All of lore.kernel.org
 help / color / mirror / Atom feed
From: zhoucm1 <david1.zhou-5C7GfCeVMHo@public.gmane.org>
To: "Nicolai Hähnle"
	<nhaehnle-Re5JQEeQqe8AvxtiuMwx3w@public.gmane.org>,
	"Samuel Pitoiset"
	<samuel.pitoiset-Re5JQEeQqe8AvxtiuMwx3w@public.gmane.org>,
	amd-gfx-PD4FTy7X32lNgt0PjOBp9y5qC8QIuHrW@public.gmane.org
Subject: Re: [PATCH v2 1/2] drm/amdgpu: fix a potential deadlock in amdgpu_bo_create_restricted()
Date: Tue, 14 Feb 2017 10:56:32 +0800	[thread overview]

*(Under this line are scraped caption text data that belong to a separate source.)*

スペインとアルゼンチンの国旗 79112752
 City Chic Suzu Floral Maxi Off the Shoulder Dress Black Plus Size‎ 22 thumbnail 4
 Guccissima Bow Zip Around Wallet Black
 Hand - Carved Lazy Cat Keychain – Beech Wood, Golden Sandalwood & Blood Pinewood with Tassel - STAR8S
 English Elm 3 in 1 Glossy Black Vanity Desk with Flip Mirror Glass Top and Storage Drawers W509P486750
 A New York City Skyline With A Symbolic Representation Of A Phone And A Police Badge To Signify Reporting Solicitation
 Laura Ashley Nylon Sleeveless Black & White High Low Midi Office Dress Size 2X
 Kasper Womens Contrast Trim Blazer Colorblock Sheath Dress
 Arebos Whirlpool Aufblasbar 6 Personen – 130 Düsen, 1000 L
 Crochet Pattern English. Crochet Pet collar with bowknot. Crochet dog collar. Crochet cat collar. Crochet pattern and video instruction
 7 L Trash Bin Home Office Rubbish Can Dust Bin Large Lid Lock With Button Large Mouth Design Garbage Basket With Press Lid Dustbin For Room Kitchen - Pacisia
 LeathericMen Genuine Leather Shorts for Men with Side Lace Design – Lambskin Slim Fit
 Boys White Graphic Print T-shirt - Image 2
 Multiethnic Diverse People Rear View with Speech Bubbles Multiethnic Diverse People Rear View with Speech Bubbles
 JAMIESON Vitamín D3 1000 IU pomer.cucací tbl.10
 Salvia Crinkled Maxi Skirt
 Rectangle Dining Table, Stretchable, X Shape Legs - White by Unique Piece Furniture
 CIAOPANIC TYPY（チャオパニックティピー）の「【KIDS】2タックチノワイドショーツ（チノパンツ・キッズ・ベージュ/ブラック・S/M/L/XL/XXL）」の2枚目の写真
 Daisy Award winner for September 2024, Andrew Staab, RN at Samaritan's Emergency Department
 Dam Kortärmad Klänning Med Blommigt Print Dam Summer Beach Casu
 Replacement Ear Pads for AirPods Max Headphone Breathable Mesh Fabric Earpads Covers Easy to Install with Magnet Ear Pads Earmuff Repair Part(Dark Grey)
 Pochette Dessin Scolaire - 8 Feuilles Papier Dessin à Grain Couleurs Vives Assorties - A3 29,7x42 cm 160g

Message-ID: <58A271E0.9090807@amd.com> (raw)
In-Reply-To: <60486a5c-0ac3-675e-86f6-67f67db1213c-Re5JQEeQqe8AvxtiuMwx3w@public.gmane.org>



On 2017年02月14日 03:03, Nicolai Hähnle wrote:
> On 13.02.2017 19:58, Nicolai Hähnle wrote:
>> On 13.02.2017 19:38, Samuel Pitoiset wrote:
>>>
>>>
>>> On 02/13/2017 07:09 PM, Nicolai Hähnle wrote:
>>>> On 13.02.2017 19:04, Nicolai Hähnle wrote:
>>>>> On 13.02.2017 18:49, Samuel Pitoiset wrote:
>>>>>>
>>>>>>
>>>>>> On 02/13/2017 05:25 PM, Nicolai Hähnle wrote:
>>>>>>> On 09.02.2017 11:33, Samuel Pitoiset wrote:
>>>>>>>> When ttm_bo_init() fails, the reservation mutex should be 
>>>>>>>> unlocked.
>>>>>>>>
>>>>>>>> In debug build, the kernel reported "possible recursive locking
>>>>>>>> detected" in this codepath. For debugging purposes, I also added
>>>>>>>> a "WARN_ON(ww_mutex_is_locked())" when ttm_bo_init() fails and the
>>>>>>>> mutex was locked as expected.
>>>>>>>>
>>>>>>>> This should fix (random) GPU hangs. The easy way to reproduce the
>>>>>>>> issue is to change the "Super Sampling" option from 1.0 to 2.0 in
>>>>>>>> Hitman. It will create a huge buffer, evict a bunch of buffers
>>>>>>>> (around ~5k) and deadlock.
>>>>>>>>
>>>>>>>> This regression has been introduced pretty recently.
>>>>>>>>
>>>>>>>> v2: only release the mutex if resv is NULL
>>>>>>>>
>>>>>>>> Fixes: 12a852219583 ("drm/amdgpu: improve
>>>>>>>> AMDGPU_GEM_CREATE_VRAM_CLEARED handling (v2)")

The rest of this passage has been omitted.